In continuation to my last week’s blog Fraud Management via Analytics, here are few more fraud identification strategies that are based on analytics:
Duplicate transactions: The identification of possible duplicate transactions would be a possible symptom of fraud that should always be examined. Ordinarily, one would expect that invoice number vendor number combinations, would be unique. Therefore, the existence of transactions with the same invoice number vendor number combinations would be an unexpected pattern in the data.
Text and Graph analysis: Sometimes ‘flat’ data does not tell the whole story. Adding spatial operations enhances analytics with an additional dimension based on patterns, relationships, and inferences. Any visualization tool can bring to surface some glaring unusual behavior in business. There may be correlations that are only visible in graphs/visuals, which could be easily identified using statistical techniques like cluster analysis and spatial recognition.
Similarly, text examination could be another built-in secret security framework, if done at random intervals and coverage, which could analyze unstructured data for sentiments and relationships. Statistical packages like Python or XL-Miner, can be used to effortlessly start a self-analysis journey. It can positively impact detection, recommendations and resolutions.
Even/Rounded amounts: Another digital analysis technique is to identify even value amounts, numbers that have been rounded up. The existence/re-occurrence of even amounts in some accounts may be a symptom of possible fraud and should ideally be probed further. Frequent rounding of travel expenses can be detected via this technique.
However, fraud symptoms are only symptoms and care should be taken to properly investigate each aspect before jumping to any concrete conclusion. The actual analysis relies on the critical thinking skills of the fraud examiners’ ability to integrate the output into a cohesive actionable analysis product.
Regarding the built-in “secret security”, the ability to properly analyze text information seems to be gaining momentum as I just recently read an article of a successful startup company in the health sector that specializes in converting large quantities of physician’s unstructured written notes into a structured database for further analysis. Great blog post!
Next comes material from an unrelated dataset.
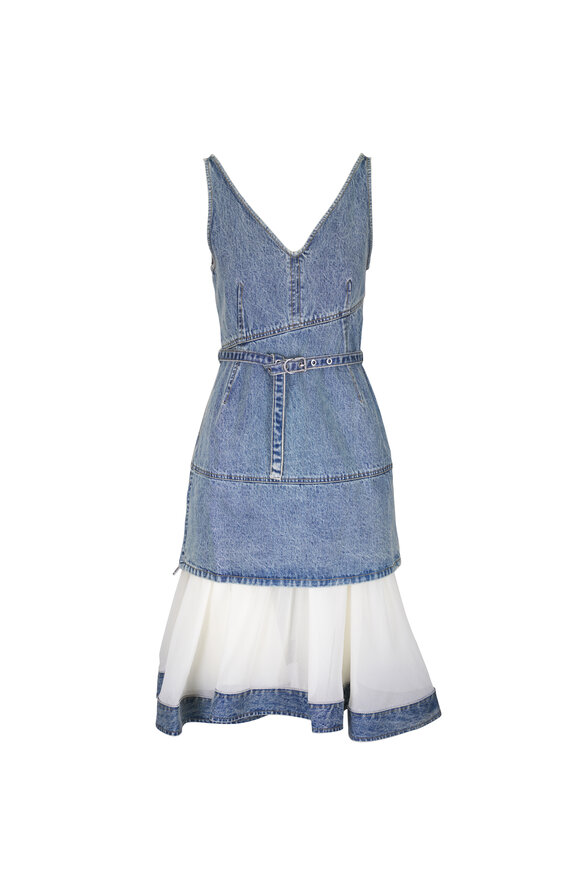 3.1 Phillip Lim Washed Indigo Chiffon Hem Belted Dress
Agree. Company should detect the frequency and patterns of the same invoice number or vendor id, to prevent duplicate payment and detect fraud cases. The first step to analyze data is to plot the data. Via visualization tool, we might see some glaring unusual behavior.
Those tips are great guidelines for fraud detection. They seem to be easy to employ but there comes a high demand for dealing with big data analytics in order to efficiently automate those fraud screening tips.